In our nativity scenes and Christmas children’s programs, we’ve painted baby Jesus in the deepest serenity. Cozy and peaceful in a beautifully rustic feeding trough, framed by smiling mother and proud father.

But I can only imagine that the reality of that manger scene was ANYTHING but serene. Birth itself, though miraculous and incredible, is a messy, filthy process, filled with pain and oozing body fluids. I’m certain Mary giving birth to Jesus with anything but tranquil.

The place in which he was born could have been no more peaceable. On our  little farm there is a tiny shack we call “the birthing barn,” where we put the mama sheep with their new little lambs. I can’t say with certainty, but I imagine Jesus’s humble beginning began in such a little place. Low bent roof with musty old straw shoveled to the side. A chilly breeze spiraling through the rafters even as you pull your jacket close. Ancient of days cobwebs clinging to the ceiling, and a musty mixture of dirt and stale sheep poop mingling in the air.

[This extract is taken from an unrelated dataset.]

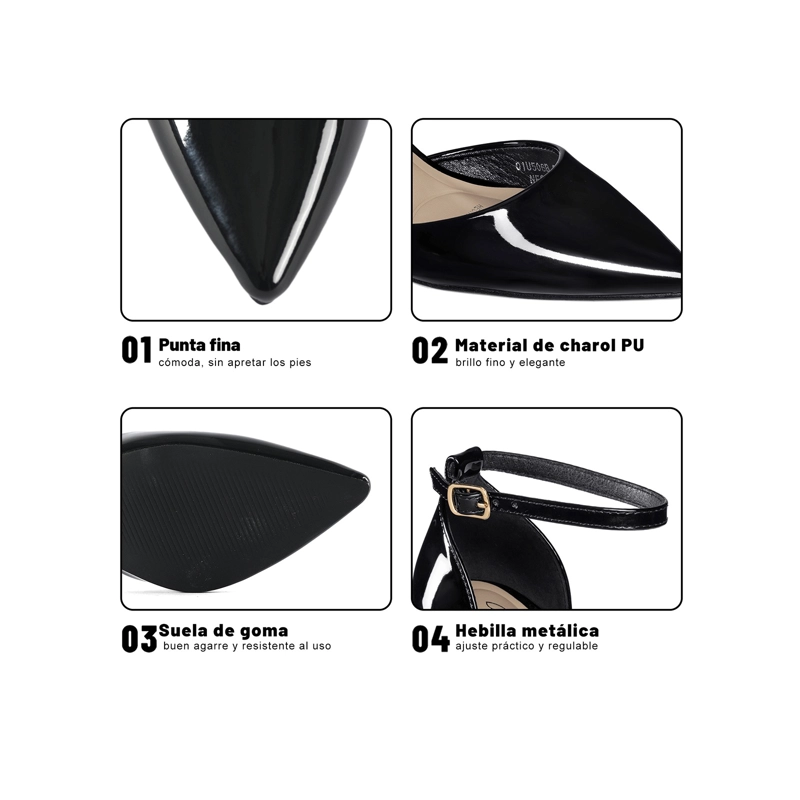 ZAPATOS TACO PU ACHAROLADO MUJER AGUJA WEIDE QIU506B - 5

And so, one can only image the moment of Jesus’s birth. A tiny baby, forced from a familiar home of comfort and rest in his mother’s womb, into a rushing haze of emphatic expulsion out into a bitter cold world. Oxygen forcefully filling the lungs for the very first time, as blood rushes forth with an endurance it never had before, changing everything physically inside Him in a sudden moment.  And the very first air that fills his lungs reeks of the stench of musty cow poop mixed with sour hay and dusty cobwebs, as His sudden first breath contorts the very anatomy of his internal vasculature.

THIS was Christ’s entry. . . A dirty, musty, smelly, painful, shocking manger scene. Not serene. Not beautiful. Not organized.  No Christmas perfection.

THIS IS GOD! Come to Earth! And He CAME THIS WAY?!?!

 

Max Lucado writes “Majesty in the midst of the mundane. Holiness in the filth of sheep manure and sweat. Divinity entering the world on the floor of a stable, through the womb of a teenager and in the presence of a carpenter.” (Max Lucado, “It Began in a Manger”)

Though He could have, He did not come in perfection.

And this moment, unexpected though it may be, pointed towards another such (and even greater) moment.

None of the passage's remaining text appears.